1. Frogs in the neopagan cauldron. The elephant in the room is, of course, the witchcraft. Many Christians downplay the pervasive wiccan spiritism in HP, arguing that the series is no more than an edgier Grimm’s fairy tale and that its sorcery is a benign metaphor for flights of fancy. But is it? Should it not concern Christians that HP conjures up a spiritually confusing paganized world where magic is an essential tool of power? Could our growing comfort with pagan spirituality in our imaginative lives lead us to mute God’s clear abomination of witchcraft? (Lev. 20:6, Deut. 18:10-11). Today’s western world is rapidly sliding into the superstitious syncretism of ancient Rome. The occult has moved from America’s basement to its living room, and many Christians haven’t blinked. We’ve become spiritually desensitized: not long ago, ouija boards and tarot decks skulked like shameful trolls in our back alleys; now they’re sold along with legos in Amazon’s toy department. Can there be any doubt that Hogwarts hysteria, the greatest British export since the Beatles, has helped make our cultural shift to neopaganism pleasing to the masses? We play with the spirit world at our peril. It’s not just frogs jumping into cauldrons that find out too late that it’s easy to get in but very hard to get out.

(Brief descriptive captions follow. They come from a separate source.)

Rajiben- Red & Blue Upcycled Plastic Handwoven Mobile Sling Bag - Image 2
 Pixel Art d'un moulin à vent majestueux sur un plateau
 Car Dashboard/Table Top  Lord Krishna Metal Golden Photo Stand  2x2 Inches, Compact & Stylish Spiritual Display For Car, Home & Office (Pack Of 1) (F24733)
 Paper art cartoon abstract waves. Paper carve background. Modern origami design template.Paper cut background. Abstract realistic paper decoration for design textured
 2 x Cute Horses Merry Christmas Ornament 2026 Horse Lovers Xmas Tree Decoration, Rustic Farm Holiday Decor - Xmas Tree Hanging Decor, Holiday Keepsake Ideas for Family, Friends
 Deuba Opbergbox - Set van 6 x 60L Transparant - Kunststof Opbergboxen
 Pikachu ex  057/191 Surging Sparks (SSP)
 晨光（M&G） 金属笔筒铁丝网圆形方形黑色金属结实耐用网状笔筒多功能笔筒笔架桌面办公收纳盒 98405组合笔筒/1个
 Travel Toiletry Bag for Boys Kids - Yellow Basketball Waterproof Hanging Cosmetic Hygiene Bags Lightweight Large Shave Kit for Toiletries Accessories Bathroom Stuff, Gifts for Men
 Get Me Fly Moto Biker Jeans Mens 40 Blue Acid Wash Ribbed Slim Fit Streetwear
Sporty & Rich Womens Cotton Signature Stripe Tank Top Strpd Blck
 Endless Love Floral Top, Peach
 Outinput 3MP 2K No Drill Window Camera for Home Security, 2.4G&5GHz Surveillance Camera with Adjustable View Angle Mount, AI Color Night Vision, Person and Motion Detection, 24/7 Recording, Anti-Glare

2. Spiritual terror for children. All HP readers admit that the series grows spiritually bleaker and more “mature” as it goes on. It seems that a shrewd mechanism is at work to draw children by the hand into a world of deepening spiritual darkness. Adults may have the worldview in place to distance themselves critically from this spiritual terror, but what of the children whose eager minds, like wet cement, congeal around the dark forms when they read the books (or, more seriously, take in the lurid images of the movies?). Innocence of mind is a precious, short-lived treasure in the springtime of life, but this childlike innocence is increasingly rare in a culture bent on feeding its young mayhem for entertainment. Jesus reserves his harshest rebuke for those who cause little ones to stumble (Matt. 18:6), and there’s no question that HP beckons the children with whispered secrets that open a series of doors into a house of horrors. Is this a desirable “maturity”? It’s not just the children who are at risk. We’re all growing old in evil too fast.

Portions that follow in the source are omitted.